In my last journal I wrote about being in a new school and starting over, and for once feeling safe at what my Dad always calls "my job". Now that I've been in school a few weeks I'm starting to open up to people, and actually smiling...
Okay...smiling? What's the big deal with smiling?
For me, especially the last few years, smiling was a rare thing. I was too scared all the time to laugh or smile, fear the invisible shadow that never left me alone.
Since I've been living with my father I've noticed that our personalities are really similar, we laugh at the same stuff, and we joke around with each other. I'm not sure if other fathers and sons do the same thing because almost all my friends don't have a Dad in their life. I'm so lucky!
With my autism I have some rough moments, and sometimes I have some really funny ones, especially with the things I say. Dad calls them "A.M.'s"- "Asperger's Moments"-and I have them everyday. I just say things and then it hits me later that I probably shouldn't have opened my mouth!

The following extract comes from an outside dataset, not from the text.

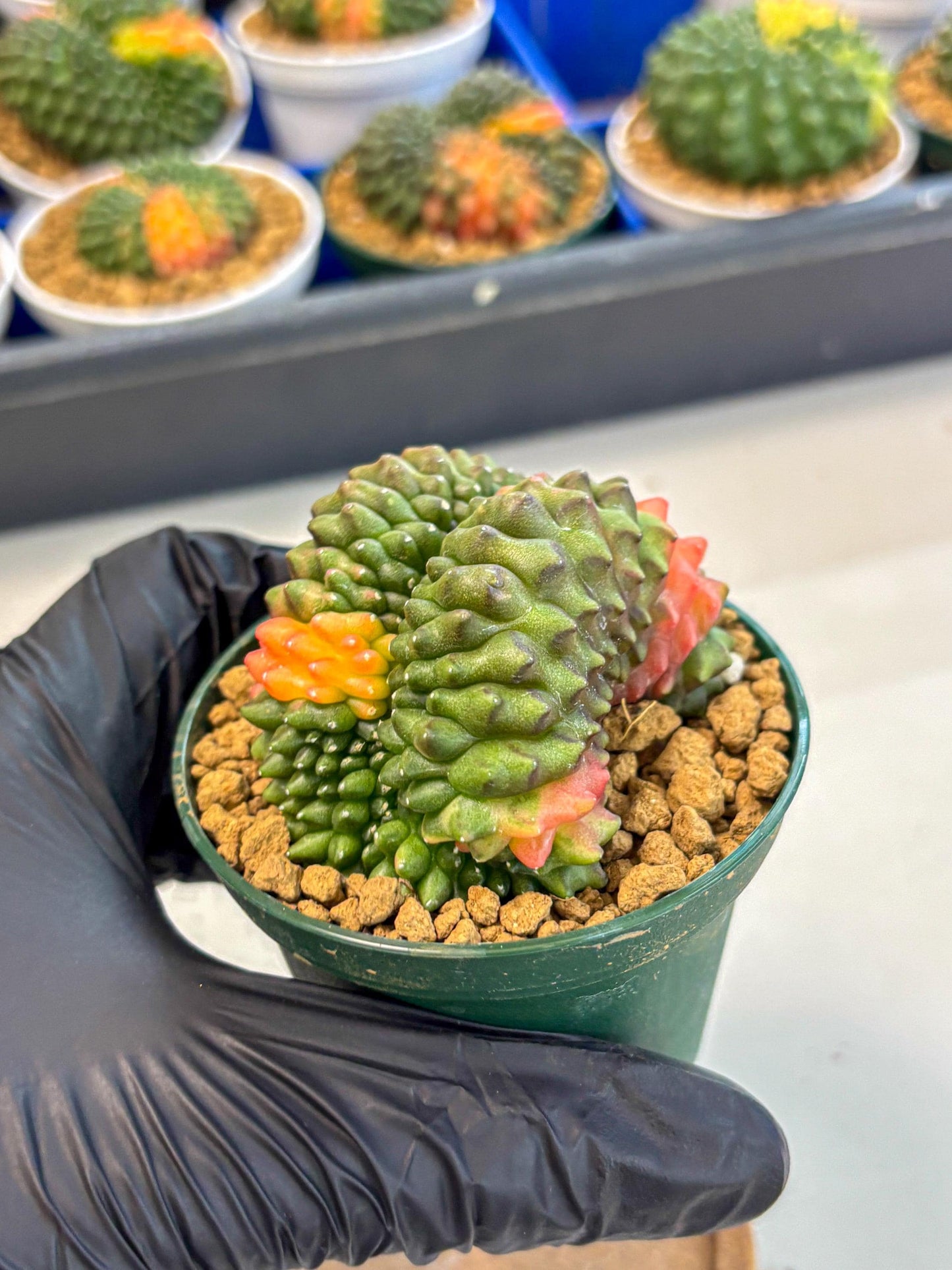 Gymnocalycium Inermis Cristata (gy9) (p2) | Variegated Cactus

I had a really funny A.M. one day when Dad was driving us home from going out for dinner and I asked him what his first time was like...and he almost drove off the road! I later understood that I had just asked him what going all the way with my Mom was like, and I knew how he felt about it from reading his diary and the very...um...dirty way he wrote about it...but I just had to ask him about it.
When we got home I stretched out face down on my bed and he came and rubbed my back the way he always does before I go to bed, and he stretched out next to me and talked about it...he told me how much he loved my Mom, how close he was to her, and how seriously nervous he was...and how he was finished as soon as he started.
We were next to each other laughing when I told him about my first time with Matthew (making out in a changing room at the mall) and he had this just crazy look on his face...
"Dad! I didn't have enough money for a motel room!"
We were laughing for a while about that one.
My Dad's always been open with me, and I can trust him about anything. I know I have to be an embarrassment to him at times, but he's still there for me. I'm lucky to have a Dad as it is, and to have one that's gay and accepting of me for me makes it even better.
And as long as I can laugh, I can cope.